Records drawn from a dataset
^^^^^^^^^^^^^^^^

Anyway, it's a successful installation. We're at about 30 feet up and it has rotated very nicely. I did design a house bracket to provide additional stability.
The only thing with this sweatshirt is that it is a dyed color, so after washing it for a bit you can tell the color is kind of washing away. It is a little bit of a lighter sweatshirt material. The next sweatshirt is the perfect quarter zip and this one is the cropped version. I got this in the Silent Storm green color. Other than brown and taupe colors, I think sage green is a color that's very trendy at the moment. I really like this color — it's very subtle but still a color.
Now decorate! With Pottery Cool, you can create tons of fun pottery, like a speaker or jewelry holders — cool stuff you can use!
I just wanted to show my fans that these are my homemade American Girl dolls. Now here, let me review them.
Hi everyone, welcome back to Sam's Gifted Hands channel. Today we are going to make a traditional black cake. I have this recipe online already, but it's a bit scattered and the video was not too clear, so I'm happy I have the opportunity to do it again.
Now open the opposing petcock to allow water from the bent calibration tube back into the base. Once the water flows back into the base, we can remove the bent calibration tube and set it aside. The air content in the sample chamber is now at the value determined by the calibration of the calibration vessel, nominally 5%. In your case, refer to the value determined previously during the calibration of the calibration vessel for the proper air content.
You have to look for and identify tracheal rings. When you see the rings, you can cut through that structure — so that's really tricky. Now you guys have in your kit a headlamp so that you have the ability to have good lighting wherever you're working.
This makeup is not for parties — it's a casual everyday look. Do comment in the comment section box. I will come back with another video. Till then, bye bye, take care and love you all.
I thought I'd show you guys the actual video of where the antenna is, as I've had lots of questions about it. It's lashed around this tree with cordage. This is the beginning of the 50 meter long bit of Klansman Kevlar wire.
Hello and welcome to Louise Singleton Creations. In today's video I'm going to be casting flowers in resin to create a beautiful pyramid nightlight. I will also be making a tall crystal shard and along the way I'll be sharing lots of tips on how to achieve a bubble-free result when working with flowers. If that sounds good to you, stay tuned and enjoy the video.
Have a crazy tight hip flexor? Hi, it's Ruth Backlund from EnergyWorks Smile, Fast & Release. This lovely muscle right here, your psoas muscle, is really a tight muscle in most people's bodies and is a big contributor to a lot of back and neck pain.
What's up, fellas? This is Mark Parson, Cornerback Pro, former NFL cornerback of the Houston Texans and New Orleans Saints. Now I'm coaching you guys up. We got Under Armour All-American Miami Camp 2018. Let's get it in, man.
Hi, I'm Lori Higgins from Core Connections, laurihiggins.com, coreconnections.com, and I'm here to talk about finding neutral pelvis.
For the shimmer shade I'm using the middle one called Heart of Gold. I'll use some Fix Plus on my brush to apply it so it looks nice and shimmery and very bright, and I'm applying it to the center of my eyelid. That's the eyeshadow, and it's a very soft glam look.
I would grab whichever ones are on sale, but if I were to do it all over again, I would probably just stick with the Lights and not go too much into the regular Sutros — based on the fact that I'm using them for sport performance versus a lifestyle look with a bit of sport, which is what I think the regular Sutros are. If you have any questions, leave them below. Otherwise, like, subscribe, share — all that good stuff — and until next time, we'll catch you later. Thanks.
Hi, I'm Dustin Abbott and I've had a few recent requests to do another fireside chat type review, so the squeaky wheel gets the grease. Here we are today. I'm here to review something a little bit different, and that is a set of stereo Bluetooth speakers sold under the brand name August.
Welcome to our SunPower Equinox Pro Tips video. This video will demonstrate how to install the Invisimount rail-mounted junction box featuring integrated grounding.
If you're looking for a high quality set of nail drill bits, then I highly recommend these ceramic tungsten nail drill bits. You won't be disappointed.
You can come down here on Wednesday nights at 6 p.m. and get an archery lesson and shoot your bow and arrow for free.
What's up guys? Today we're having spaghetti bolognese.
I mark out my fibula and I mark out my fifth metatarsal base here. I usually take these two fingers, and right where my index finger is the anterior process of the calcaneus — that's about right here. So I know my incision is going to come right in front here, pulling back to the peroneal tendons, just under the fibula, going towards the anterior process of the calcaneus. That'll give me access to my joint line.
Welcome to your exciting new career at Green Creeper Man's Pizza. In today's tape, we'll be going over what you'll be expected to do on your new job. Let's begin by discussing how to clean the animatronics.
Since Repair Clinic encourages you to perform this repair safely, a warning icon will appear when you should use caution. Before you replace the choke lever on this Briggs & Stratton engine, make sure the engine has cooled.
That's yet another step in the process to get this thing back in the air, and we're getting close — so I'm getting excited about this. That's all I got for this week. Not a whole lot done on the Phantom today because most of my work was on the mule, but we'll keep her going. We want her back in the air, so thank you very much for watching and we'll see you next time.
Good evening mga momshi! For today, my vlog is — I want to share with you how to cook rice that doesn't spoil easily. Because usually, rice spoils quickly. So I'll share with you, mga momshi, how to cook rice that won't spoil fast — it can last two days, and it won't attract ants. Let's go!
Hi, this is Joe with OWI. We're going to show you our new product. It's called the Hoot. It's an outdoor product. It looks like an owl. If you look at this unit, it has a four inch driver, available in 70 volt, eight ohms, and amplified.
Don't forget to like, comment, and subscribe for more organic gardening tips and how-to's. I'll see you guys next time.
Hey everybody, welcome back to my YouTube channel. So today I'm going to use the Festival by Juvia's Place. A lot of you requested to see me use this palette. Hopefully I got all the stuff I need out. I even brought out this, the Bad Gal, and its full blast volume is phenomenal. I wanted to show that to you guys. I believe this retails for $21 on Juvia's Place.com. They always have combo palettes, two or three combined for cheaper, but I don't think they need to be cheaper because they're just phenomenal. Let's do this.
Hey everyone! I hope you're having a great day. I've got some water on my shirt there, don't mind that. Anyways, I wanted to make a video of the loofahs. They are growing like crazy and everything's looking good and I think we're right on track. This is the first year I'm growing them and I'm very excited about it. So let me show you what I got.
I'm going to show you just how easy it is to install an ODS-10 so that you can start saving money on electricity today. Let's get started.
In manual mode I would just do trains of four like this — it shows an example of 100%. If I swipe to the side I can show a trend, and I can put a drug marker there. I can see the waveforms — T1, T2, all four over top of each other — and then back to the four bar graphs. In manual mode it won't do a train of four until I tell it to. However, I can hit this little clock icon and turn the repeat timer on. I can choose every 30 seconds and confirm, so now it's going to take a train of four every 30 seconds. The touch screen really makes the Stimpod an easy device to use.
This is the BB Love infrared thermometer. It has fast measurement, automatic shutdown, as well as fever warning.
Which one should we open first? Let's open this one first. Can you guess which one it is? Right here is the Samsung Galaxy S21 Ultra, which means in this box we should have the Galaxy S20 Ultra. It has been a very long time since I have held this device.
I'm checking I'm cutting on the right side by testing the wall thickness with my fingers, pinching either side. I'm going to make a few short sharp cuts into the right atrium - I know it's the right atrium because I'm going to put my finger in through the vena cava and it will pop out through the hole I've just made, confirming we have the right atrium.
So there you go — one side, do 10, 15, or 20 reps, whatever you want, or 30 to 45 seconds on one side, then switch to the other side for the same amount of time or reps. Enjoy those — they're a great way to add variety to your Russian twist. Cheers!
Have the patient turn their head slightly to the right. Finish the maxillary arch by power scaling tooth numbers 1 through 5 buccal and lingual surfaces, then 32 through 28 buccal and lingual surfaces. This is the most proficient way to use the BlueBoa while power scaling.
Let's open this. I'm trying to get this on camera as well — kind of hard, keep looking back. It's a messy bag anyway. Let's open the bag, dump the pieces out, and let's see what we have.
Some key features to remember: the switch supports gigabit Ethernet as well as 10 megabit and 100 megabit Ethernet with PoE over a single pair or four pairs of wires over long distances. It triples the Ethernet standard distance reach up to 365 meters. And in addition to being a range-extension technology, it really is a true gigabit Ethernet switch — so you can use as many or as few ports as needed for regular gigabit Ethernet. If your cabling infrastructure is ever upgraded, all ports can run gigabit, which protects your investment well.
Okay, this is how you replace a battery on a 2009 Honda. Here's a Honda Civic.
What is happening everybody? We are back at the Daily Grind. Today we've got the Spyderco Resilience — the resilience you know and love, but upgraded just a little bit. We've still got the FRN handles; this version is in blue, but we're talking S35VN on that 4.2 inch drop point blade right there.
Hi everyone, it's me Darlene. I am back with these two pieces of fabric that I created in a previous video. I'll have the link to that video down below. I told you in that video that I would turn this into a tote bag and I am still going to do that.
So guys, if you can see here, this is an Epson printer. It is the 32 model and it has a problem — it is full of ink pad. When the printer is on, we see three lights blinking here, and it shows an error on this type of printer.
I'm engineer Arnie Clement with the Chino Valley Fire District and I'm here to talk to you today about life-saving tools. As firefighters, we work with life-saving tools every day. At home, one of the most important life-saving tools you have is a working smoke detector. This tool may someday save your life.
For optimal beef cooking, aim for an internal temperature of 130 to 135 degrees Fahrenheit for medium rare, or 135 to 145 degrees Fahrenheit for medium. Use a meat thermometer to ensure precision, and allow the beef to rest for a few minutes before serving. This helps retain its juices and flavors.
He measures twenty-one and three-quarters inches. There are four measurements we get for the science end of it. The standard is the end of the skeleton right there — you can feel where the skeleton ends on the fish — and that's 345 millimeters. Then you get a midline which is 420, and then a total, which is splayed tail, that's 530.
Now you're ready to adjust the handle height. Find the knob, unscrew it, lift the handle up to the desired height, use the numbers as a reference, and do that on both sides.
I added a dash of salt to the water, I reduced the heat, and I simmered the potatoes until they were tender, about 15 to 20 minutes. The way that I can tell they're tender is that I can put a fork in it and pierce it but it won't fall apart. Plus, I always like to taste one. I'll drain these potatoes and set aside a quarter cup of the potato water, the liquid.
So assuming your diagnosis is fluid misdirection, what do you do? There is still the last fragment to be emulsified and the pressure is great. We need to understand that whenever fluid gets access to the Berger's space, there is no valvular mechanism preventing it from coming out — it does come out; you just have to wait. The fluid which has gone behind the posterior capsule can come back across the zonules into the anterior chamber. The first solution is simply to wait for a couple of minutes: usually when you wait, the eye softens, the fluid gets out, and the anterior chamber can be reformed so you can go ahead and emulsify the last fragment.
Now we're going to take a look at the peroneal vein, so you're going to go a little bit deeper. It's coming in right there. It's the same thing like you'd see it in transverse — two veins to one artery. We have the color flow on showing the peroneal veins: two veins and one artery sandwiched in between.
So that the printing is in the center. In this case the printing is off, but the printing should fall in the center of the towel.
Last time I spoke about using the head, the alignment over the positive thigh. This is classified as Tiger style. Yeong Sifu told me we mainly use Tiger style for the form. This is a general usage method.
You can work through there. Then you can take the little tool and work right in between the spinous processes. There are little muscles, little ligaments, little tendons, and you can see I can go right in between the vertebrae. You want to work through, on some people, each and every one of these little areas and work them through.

^^^^^^^^^^^^^^^^

▶ _Task statement_
Print, without alteration, only the lines above between the one holding "Hi everyone, it's" and the one holding "I added a dash", inclusive.

▶ _Your solution_
Hi everyone, it's me Darlene. I am back with these two pieces of fabric that I created in a previous video. I'll have the link to that video down below. I told you in that video that I would turn this into a tote bag and I am still going to do that.
So guys, if you can see here, this is an Epson printer. It is the 32 model and it has a problem — it is full of ink pad. When the printer is on, we see three lights blinking here, and it shows an error on this type of printer.
I'm engineer Arnie Clement with the Chino Valley Fire District and I'm here to talk to you today about life-saving tools. As firefighters, we work with life-saving tools every day. At home, one of the most important life-saving tools you have is a working smoke detector. This tool may someday save your life.
For optimal beef cooking, aim for an internal temperature of 130 to 135 degrees Fahrenheit for medium rare, or 135 to 145 degrees Fahrenheit for medium. Use a meat thermometer to ensure precision, and allow the beef to rest for a few minutes before serving. This helps retain its juices and flavors.
He measures twenty-one and three-quarters inches. There are four measurements we get for the science end of it. The standard is the end of the skeleton right there — you can feel where the skeleton ends on the fish — and that's 345 millimeters. Then you get a midline which is 420, and then a total, which is splayed tail, that's 530.
Now you're ready to adjust the handle height. Find the knob, unscrew it, lift the handle up to the desired height, use the numbers as a reference, and do that on both sides.
I added a dash of salt to the water, I reduced the heat, and I simmered the potatoes until they were tender, about 15 to 20 minutes. The way that I can tell they're tender is that I can put a fork in it and pierce it but it won't fall apart. Plus, I always like to taste one. I'll drain these potatoes and set aside a quarter cup of the potato water, the liquid.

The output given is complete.